(Data excerpts)
────────────────────────────────────────

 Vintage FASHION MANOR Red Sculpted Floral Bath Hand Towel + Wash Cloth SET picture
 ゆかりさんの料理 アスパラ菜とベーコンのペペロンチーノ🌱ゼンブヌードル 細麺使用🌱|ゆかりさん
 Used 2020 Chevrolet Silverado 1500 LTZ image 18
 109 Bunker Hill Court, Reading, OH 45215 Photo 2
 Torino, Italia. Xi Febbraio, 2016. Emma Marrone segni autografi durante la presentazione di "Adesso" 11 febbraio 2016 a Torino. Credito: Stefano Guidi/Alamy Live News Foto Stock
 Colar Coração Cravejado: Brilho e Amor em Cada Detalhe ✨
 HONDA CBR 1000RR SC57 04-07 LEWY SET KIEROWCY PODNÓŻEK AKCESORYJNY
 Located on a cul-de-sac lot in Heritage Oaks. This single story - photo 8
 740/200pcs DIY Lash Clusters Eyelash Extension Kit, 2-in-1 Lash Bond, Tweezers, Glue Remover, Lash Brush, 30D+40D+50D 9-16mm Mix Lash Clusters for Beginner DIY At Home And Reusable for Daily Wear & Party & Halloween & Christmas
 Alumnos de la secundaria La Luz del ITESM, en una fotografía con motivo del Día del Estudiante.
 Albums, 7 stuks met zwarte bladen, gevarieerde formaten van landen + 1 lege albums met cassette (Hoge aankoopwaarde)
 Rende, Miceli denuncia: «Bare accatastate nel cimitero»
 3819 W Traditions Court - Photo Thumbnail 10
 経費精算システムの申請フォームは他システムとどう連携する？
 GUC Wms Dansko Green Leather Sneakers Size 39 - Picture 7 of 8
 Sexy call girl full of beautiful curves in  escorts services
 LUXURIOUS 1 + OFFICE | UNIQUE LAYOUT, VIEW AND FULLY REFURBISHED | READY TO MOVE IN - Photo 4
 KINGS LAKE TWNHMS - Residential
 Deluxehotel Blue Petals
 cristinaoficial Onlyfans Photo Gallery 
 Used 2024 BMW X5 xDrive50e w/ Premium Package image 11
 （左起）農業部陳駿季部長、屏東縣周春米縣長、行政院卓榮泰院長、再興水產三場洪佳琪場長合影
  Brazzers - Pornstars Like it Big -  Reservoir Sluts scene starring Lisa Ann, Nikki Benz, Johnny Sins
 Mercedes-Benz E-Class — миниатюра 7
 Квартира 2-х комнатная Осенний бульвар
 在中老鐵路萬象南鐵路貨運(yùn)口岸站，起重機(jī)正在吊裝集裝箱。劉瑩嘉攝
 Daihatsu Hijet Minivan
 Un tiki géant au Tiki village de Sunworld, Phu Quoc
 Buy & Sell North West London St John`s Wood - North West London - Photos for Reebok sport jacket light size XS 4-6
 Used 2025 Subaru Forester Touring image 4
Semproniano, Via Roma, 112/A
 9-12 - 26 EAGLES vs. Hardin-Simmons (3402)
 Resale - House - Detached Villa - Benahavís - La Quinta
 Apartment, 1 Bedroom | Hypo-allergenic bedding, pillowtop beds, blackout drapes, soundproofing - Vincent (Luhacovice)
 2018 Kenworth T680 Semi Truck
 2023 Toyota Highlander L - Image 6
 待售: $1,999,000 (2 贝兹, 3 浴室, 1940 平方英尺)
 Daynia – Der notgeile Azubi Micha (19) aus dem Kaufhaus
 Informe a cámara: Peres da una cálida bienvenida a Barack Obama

────────────────────────────────────────

# WORK TO COMPLETE
What lines of the data contain the string "Benz"? List them.

# SOLVED PROBLEM
  Brazzers - Pornstars Like it Big -  Reservoir Sluts scene starring Lisa Ann, Nikki Benz, Johnny Sins
 Mercedes-Benz E-Class — миниатюра 7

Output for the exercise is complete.